> [What the task requires]
Taking the line with "DeepEdit combines the" as the first and the line with "Hello guys, welcome" as the last, set down the lines below exactly, pictures excluded.

> [Information provided]
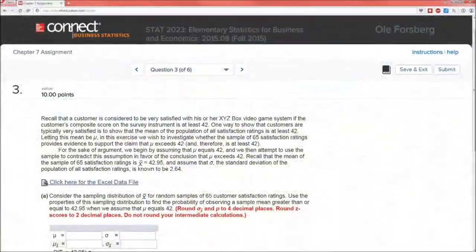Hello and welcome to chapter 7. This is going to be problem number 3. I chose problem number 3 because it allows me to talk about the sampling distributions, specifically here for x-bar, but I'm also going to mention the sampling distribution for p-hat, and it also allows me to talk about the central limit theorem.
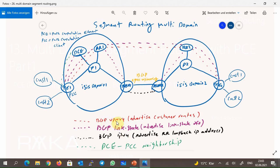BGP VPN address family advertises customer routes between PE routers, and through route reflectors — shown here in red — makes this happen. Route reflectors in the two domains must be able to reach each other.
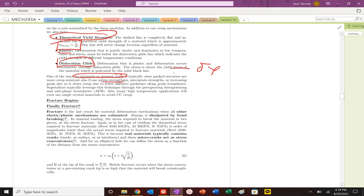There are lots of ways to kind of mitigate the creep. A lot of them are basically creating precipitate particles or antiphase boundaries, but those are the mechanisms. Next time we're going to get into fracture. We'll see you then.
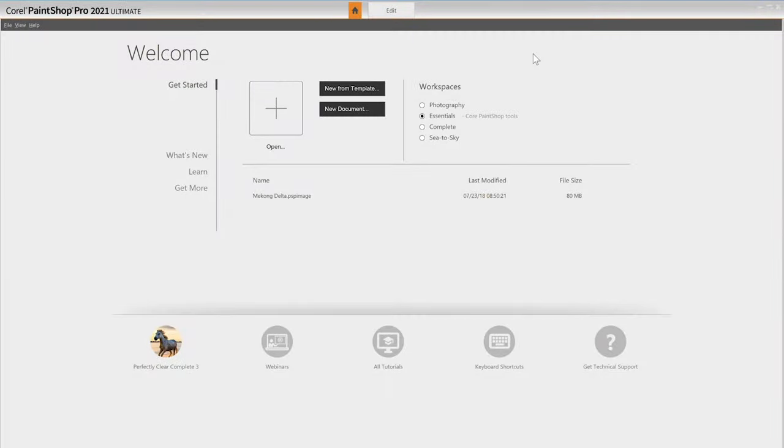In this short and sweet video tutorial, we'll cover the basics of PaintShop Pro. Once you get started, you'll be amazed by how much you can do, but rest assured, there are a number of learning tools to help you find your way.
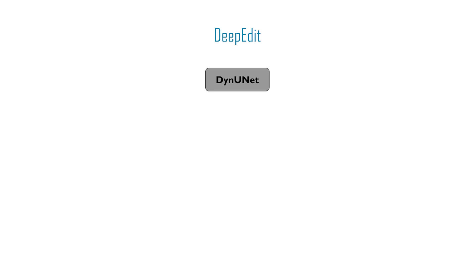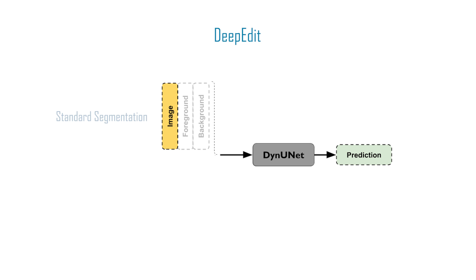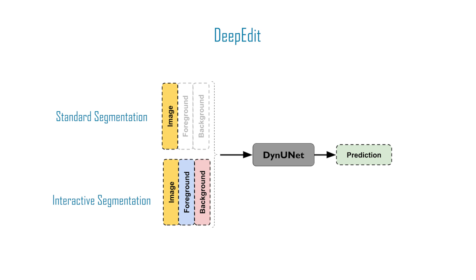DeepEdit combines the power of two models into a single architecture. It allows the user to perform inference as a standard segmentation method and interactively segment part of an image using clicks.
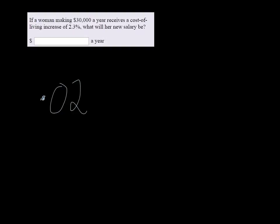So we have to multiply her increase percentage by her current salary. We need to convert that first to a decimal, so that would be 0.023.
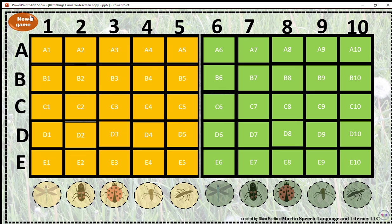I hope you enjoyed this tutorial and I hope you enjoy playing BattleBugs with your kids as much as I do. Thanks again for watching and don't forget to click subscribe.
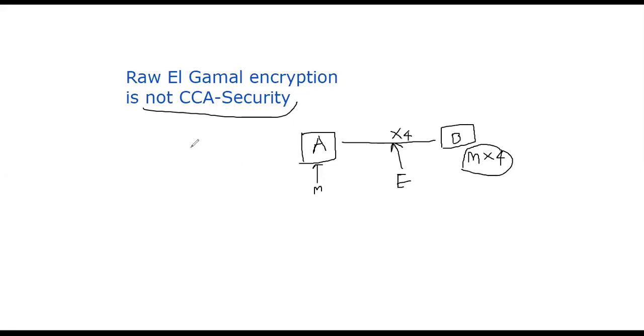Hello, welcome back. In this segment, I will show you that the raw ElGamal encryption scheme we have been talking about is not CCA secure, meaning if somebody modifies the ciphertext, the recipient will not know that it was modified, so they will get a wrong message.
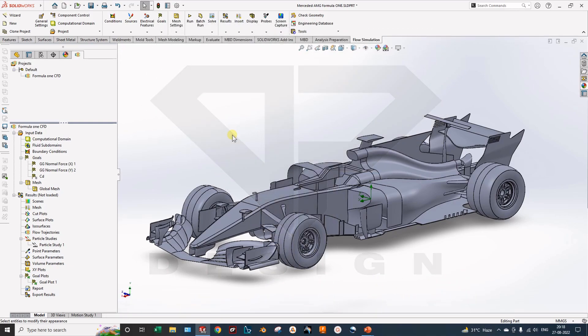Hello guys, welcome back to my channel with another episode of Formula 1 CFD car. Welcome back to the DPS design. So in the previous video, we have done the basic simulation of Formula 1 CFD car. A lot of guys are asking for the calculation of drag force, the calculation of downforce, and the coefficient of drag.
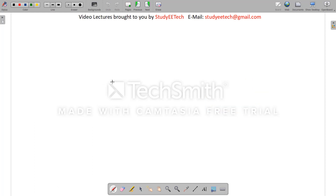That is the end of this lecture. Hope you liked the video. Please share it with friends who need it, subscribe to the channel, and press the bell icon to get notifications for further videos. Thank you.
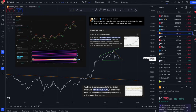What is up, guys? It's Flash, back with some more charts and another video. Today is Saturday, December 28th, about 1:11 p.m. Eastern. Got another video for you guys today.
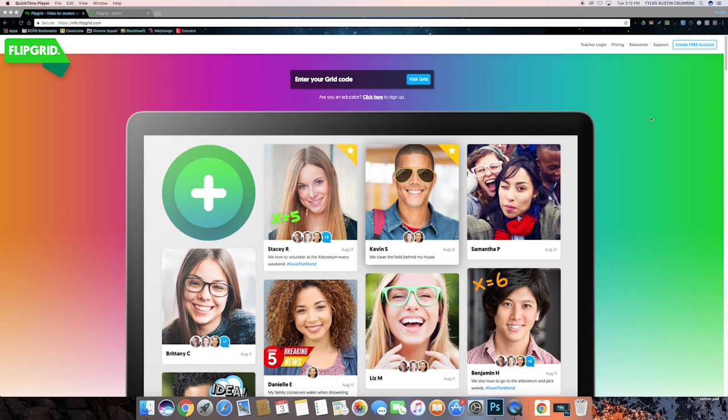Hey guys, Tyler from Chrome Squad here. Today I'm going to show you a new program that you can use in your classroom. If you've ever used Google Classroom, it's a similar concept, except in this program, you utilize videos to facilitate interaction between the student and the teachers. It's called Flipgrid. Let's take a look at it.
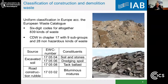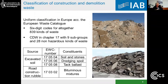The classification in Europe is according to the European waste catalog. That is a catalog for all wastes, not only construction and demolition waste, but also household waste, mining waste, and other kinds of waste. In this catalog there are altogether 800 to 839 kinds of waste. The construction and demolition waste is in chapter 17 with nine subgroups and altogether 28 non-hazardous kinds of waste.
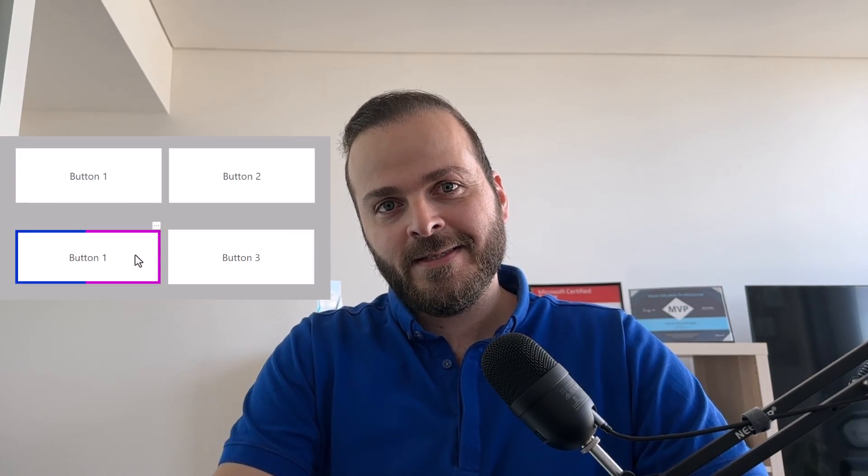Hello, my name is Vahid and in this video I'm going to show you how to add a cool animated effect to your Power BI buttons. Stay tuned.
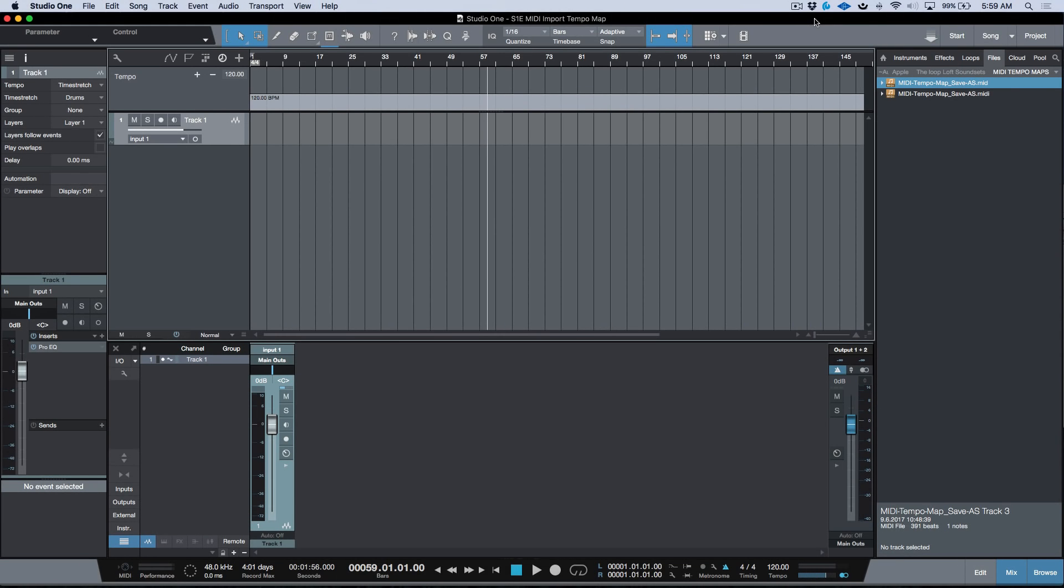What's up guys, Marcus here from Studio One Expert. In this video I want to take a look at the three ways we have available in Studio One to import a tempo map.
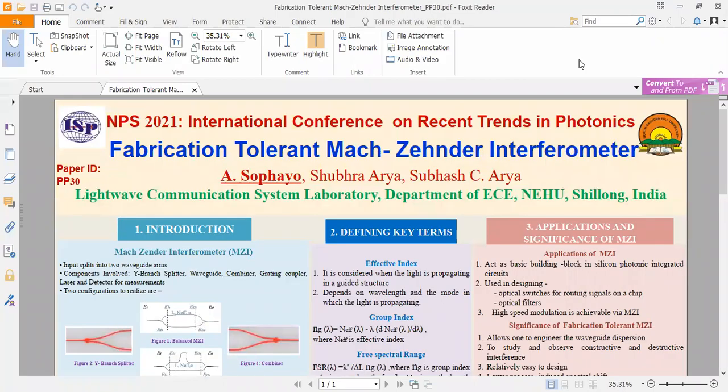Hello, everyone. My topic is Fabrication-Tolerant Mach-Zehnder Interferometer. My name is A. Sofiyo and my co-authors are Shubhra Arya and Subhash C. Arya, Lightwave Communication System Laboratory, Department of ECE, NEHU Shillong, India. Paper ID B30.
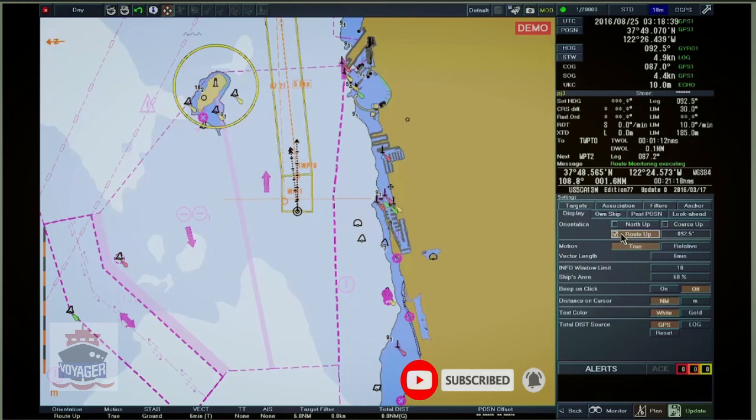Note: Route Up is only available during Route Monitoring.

> [Written answer]
DeepEdit combines the power of two models into a single architecture. It allows the user to perform inference as a standard segmentation method and interactively segment part of an image using clicks.
So we have to multiply her increase percentage by her current salary. We need to convert that first to a decimal, so that would be 0.023.
I hope you enjoyed this tutorial and I hope you enjoy playing BattleBugs with your kids as much as I do. Thanks again for watching and don't forget to click subscribe.
Hello, welcome back. In this segment, I will show you that the raw ElGamal encryption scheme we have been talking about is not CCA secure, meaning if somebody modifies the ciphertext, the recipient will not know that it was modified, so they will get a wrong message.
Hello guys, welcome back to my channel with another episode of Formula 1 CFD car. Welcome back to the DPS design. So in the previous video, we have done the basic simulation of Formula 1 CFD car. A lot of guys are asking for the calculation of drag force, the calculation of downforce, and the coefficient of drag.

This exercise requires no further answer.